June marks Pride Month, an occasion for members of the LGBTQ community to celebrate their identities – and the rights and recognition they were denied in decades past. But even as festivities take place around the globe, workplace discrimination against the LGBTQ community continues to make headlines at home.
In 2017, the Trump administration asserted employment discrimination protections don’t extend to gay and transgender individuals, reversing prior Department of Justice policy. Simultaneously, several lawsuits alleging discrimination on the basis of sexual orientation are winding their way through the federal court system with mixed results thus far. Certainly, these legal disputes will continue to play out on the national stage. In the meantime, are LGBTQ people seeking recourse for the harassment or discrimination they’ve experienced at work?
To explore this question, we studied statistics from the U.S. Equal Employment Opportunity Commission, analyzing complaints related to gender identity and sexual orientation in recent years. Our findings reveal patterns in employee activism and how often they actually succeed in obtaining compensation. To see how LGBTQ people are standing up against harassment and discrimination, keep reading.
Encounters With Intolerance
First, we explored the geographical pattern of EEOC charges citing discrimination on the basis of sexual orientation or gender identity. Our findings indicate stark regional differences, with a heavy concentration among the Southern states. Georgia and Mississippi neared the top of the list, with roughly four charges per 100,000 residents. These figures resonate with these states’ respective policy records on LGBTQ issues. As experts have noted, these states lag far behind the rest of the country in terms of legal protections for gay and transgender residents.

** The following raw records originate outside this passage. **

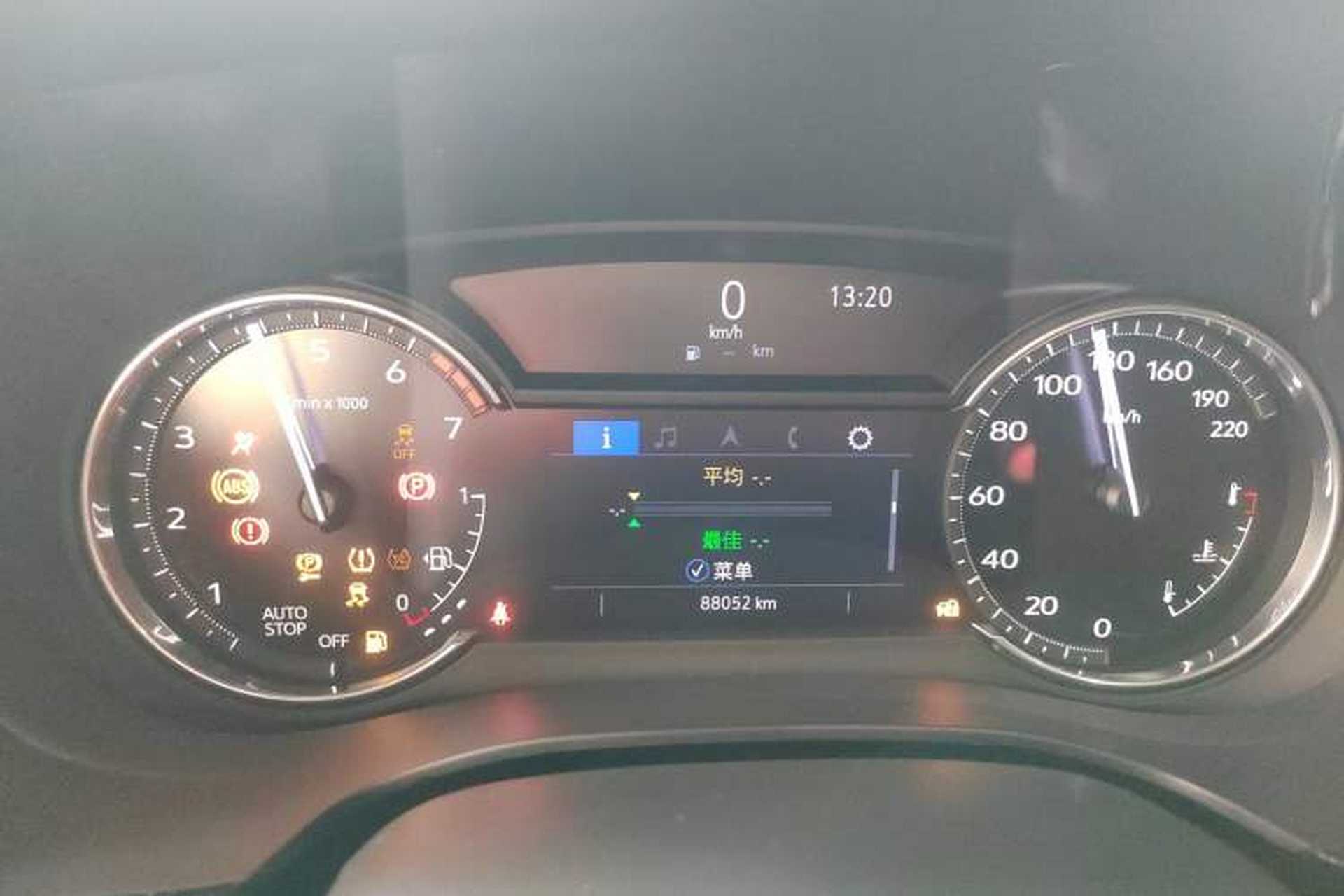 Used Cadillac XT5 2022 2.0T Two-Wheel Drive Luxury Version Instrument Cluster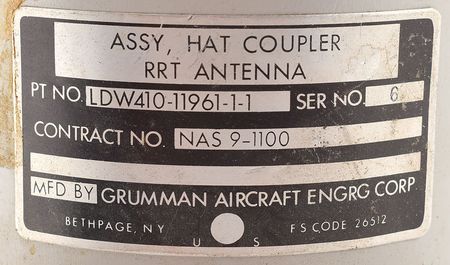 Lot #450 Apollo RRT Antenna Hat Coupler Assembly Antenna Coupler - Image 4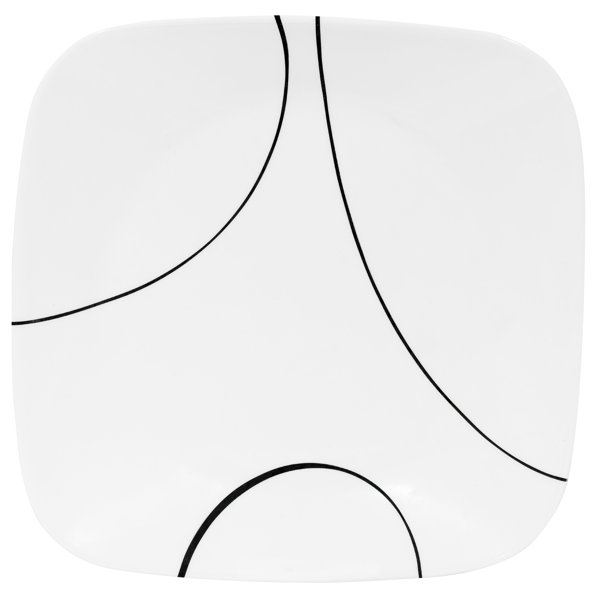 Corelle Simple Lines 8 75 Square Salad Or Dessert Plate Reviews
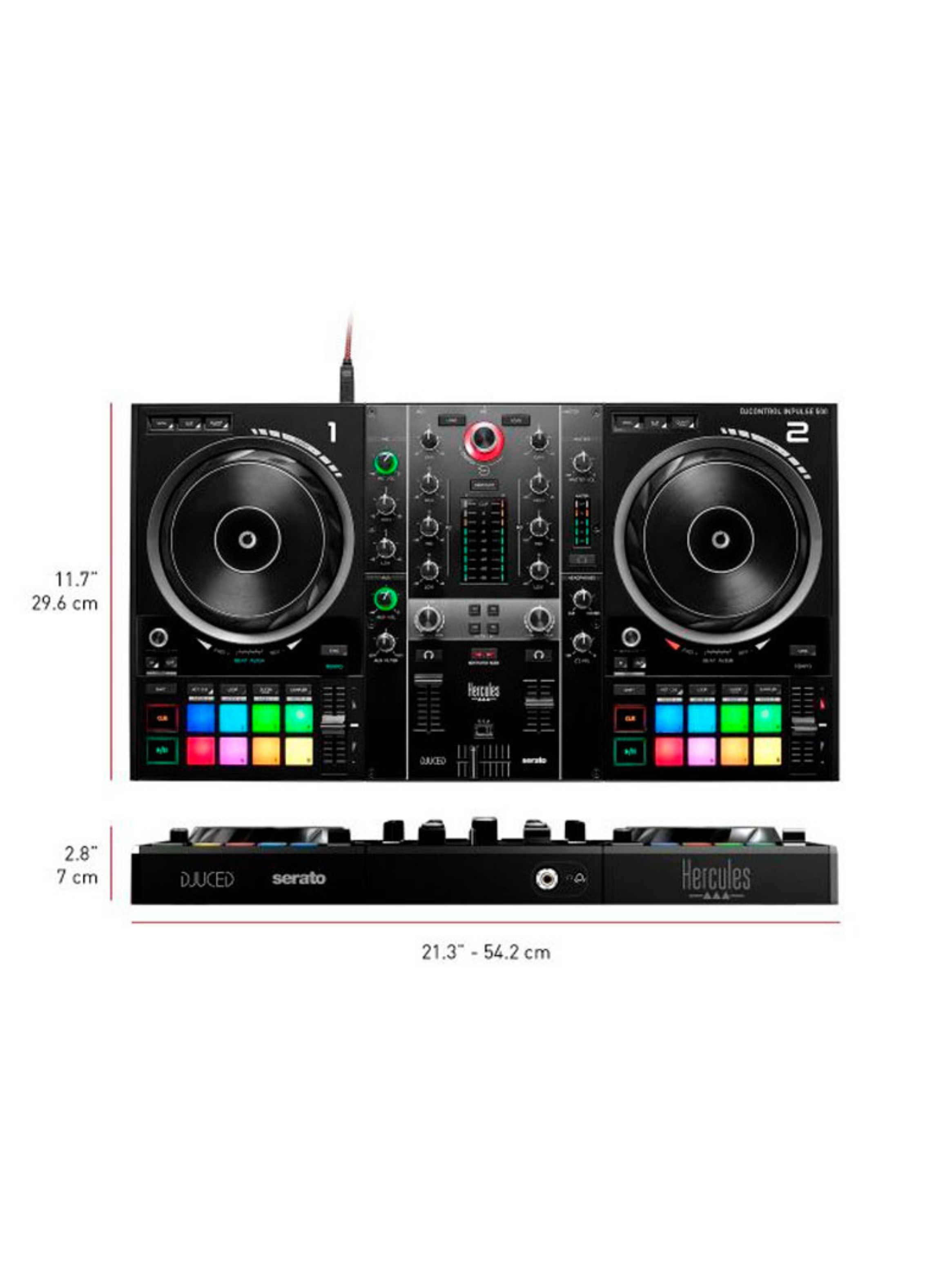 Hercules DJControl Inpulse 500 – Domina la Mezcla con Estilo y Precisión -2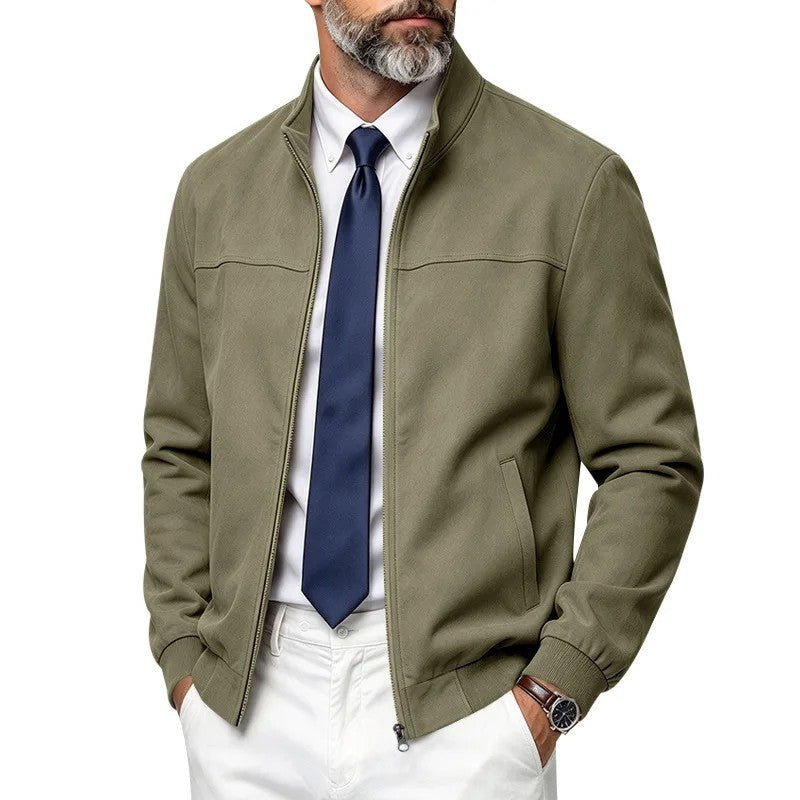 Enzo Men's Lightweight Stand Collar Jacket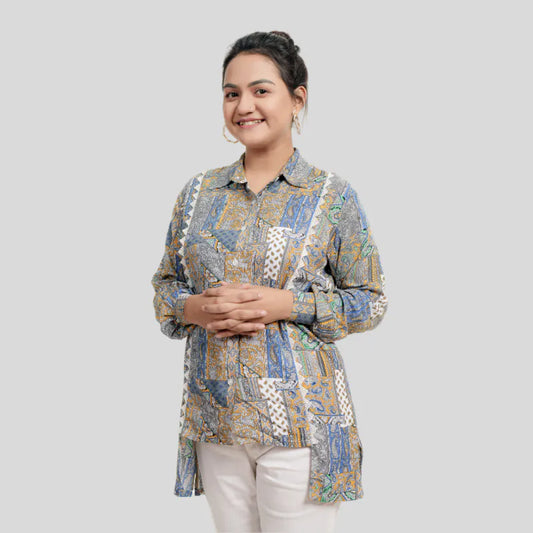 Women's Multi Linen Shirt M-1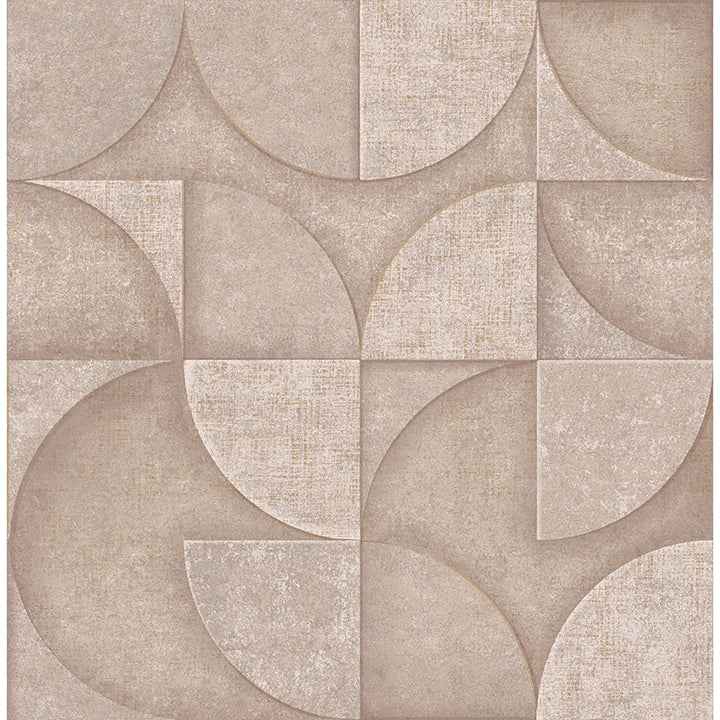 Addison Blush Retro Geo Wallpaper - York Wallcoverings - 4125-26748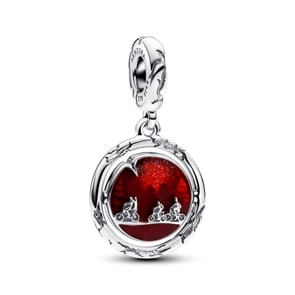 Pandora Moments x Stranger Things Im Dunkeln Leuchtende Schattenwelt Charm-Anhänger 925 Silber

Interestingly, Washington, D.C., had the most complaints per capita related to sexual orientation and gender identity, despite a long history of activism by LGBTQ residents of the nation’s capital. Conversely, some states had very few charges of discrimination on the basis of sexual orientation in 2017 – if they had any at all. Montana and Rhode Island present a particularly interesting example: Although legal scholars have recently criticized the state’s lack of nondiscrimination protections for the LGBTQ community, it had no charges filed in 2017.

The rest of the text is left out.